**Task prompt**.
The whole listing is to be written out again exactly; the pictures are not.

══ The data

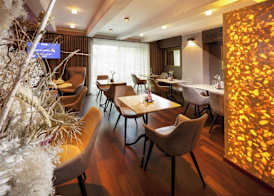 Mama's Design & Boutique Hotel 3
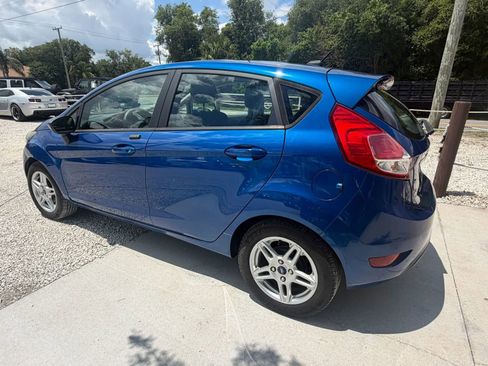 Used 2019 Ford Fiesta SE FWD image 5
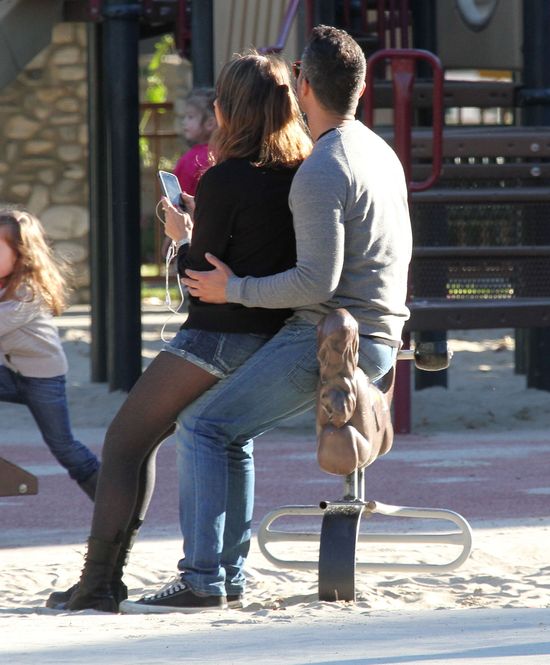 Jessica Alba pokazuje nogi na rodzinnym spacerze (FOTO)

════

**Final answer**.
 Mama's Design & Boutique Hotel 3
 Used 2019 Ford Fiesta SE FWD image 5
 Jessica Alba pokazuje nogi na rodzinnym spacerze (FOTO)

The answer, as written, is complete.